There’s so much to love about this movie starring Billy Bob Thornton as the wasted degenerate thief who doesn’t understand the purpose of orange juice if there’s no booze. There’s the classical music. The non-lame screw-it-because-life’s-a-bag-of-coal-and-you’re-drowning-in-basics when you’re supposed to feel truly blessed attitude. There’s even the way the movie makes you feel feelings with the hapless (round) Thumron Murmon. This movie is payback for everyone who has ever made you feel worn down by all the forced holiday joy while you gulped hot toddies as all the bright and shiny families went frolicking around you.
Jesus blank Christ, thank you for this story about a guy who shows up for work like this.

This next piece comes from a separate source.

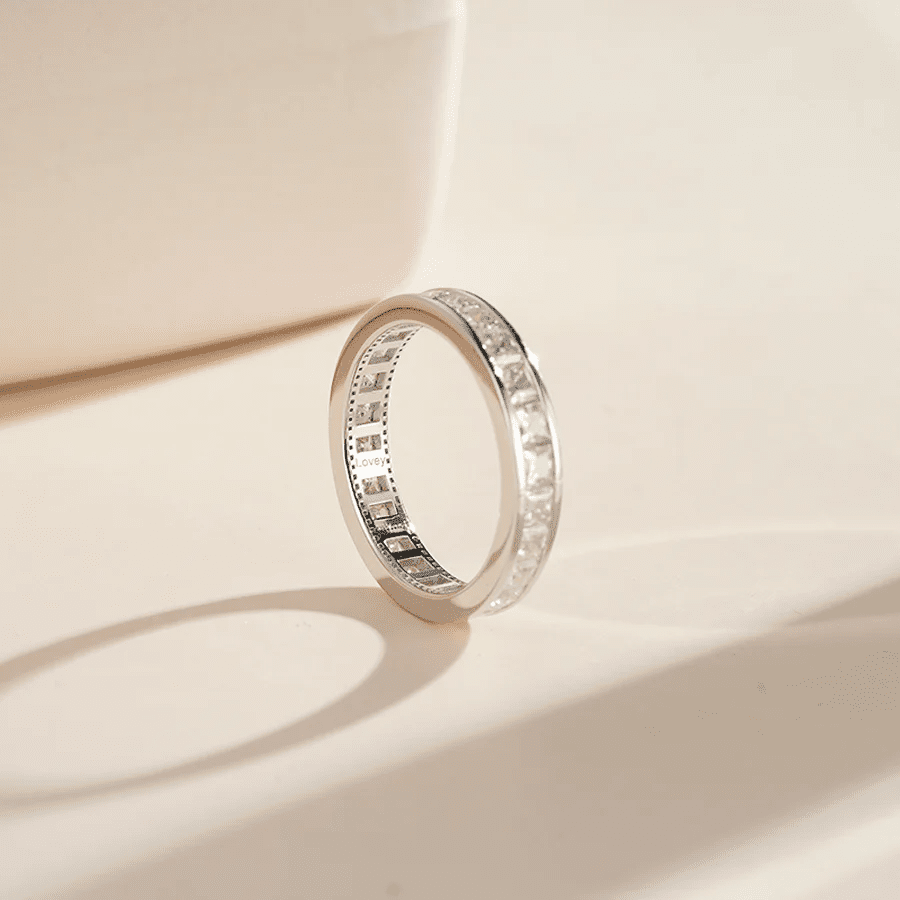 The Strand – Princess Cut Channel Set Eternity Wedding Band - Novelle Vow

Nearly every part is SO GOOD. Although it is an equal opportunity offender when it comes to marginalized people: little people, people with learning disabilities and the list goes on, but now our sensitive spot. What happens when the least insufferable holiday movie makes its lead horndog go for — not one, but TWO women of size? He “makes merry” with a woman in a fitting room in the “plus-size woman” section. (She’s wearing glittery stripper heels.) Plus, he also goes for a “curvier” prostitute as well.

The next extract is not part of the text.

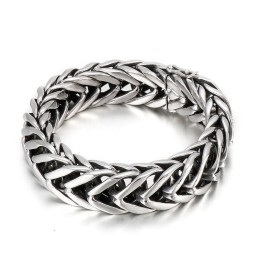 Cool Chic Style Single Layer V Men's Titanium Bracelet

This is all supposed to be hilarious, that he actually does stuff with “large women,” a group used to being fetishized as inherently sexual because…more meat. It’s not that we’re not leaping with joy that the film acknowledges women who shop in THAT section deserve sexual attention. But instead of these trysts being your standard meaningless sexy time sessions, they’re treated as running gags. We won’t go into too many details, but they’re, well, dirty. Further, the “large women” aspect makes bumbling people in the movie uncomfortable. Did it really have to be about getting physical with 1) a cheap sex worker, and 2) someone nuts enough to have sex in a dressing room who the film doesn’t even show? (We just know she’s the sort of woman who shops in what the film affectionately calls the big and tall section.)
So, it’s still a gift of a movie, but we just wish they didn’t make the objects of bad Santa’s desires so ridiculous. Way to make this much more awkward family viewing though.